Sorting had always been a dull part of the process but the pay was typically good and a post office employee was typically well-regarded by the community. This was the heyday of mail-order catalogs and letters from summer-camp. The mail was vital. Some post offices, faced with either declining revenue (towns had experienced boom and bust cycles before) and a general policy of cutting back on expenses and boosting productivity, resorted to nefarious techniques to try and force out long-time employees. The Post Office reorganization act was passed in 1971, this led to staff reductions or reassignment to new duties. For many, this was a seismic change in the culture they’d worked in for decades of their lives. Some postmasters, faced with the need to fire staff and keep costs down, resorted to cruel and dehumanizing techniques we’d call a hostile work environment.

The age of chatting with your friendly neighborhood post man had ended. Times were a changing.

##”They can’t do this to me, I’m part of the community.”

Some of the postal workers didn’t like the new post office. Seemed to go against centuries of tradition. Now they had the people on the postal routes driving around in little vans so they could deliver more mail each day. How was a postman suppose to say hello to the family if they had a quota to meet? Not to mention; sorters really hated the new system that meant sitting at a console all day typing numbers. Add to that a few local offices instituting a policy of cruelty to their employees and you had a powderkeg, no insurance purchased before shipping, waiting to go off.

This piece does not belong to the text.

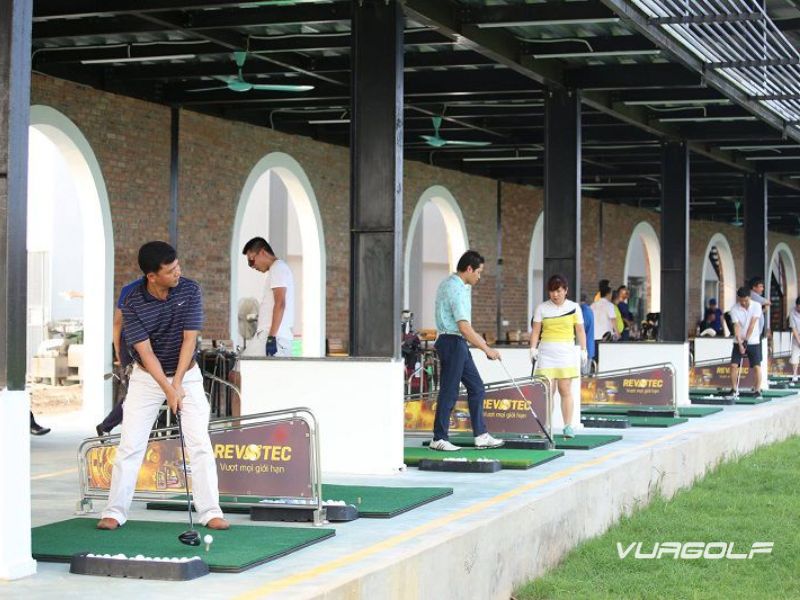 Lưu ý khi đến sân tập golf Hà Đông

A few disgruntled employees sought revenge, typically against their tormentors but also against former co-workers. Big network news was at its peak during this period and so these instances of workplace violence got national coverage (when most were ‘small’ incidents by modern standards… as sad as that sounds.) News agencies have always resorted to catchy headlines to keep the viewers attention and to create new nomenclature to aid in communication; and thus for a few decades the term ‘going postal’ was how one described an instance of workplace violence.

Here is a good documentary covering what I’d just summarized.

Murder By Proxy: How America Went Postal

Don’t let the title mislead you, it does include tons of info about the specific causes of the ‘going postal’ phenomena. From what I recall it doesn’t sensationalize or lean any particular way in terms of politics.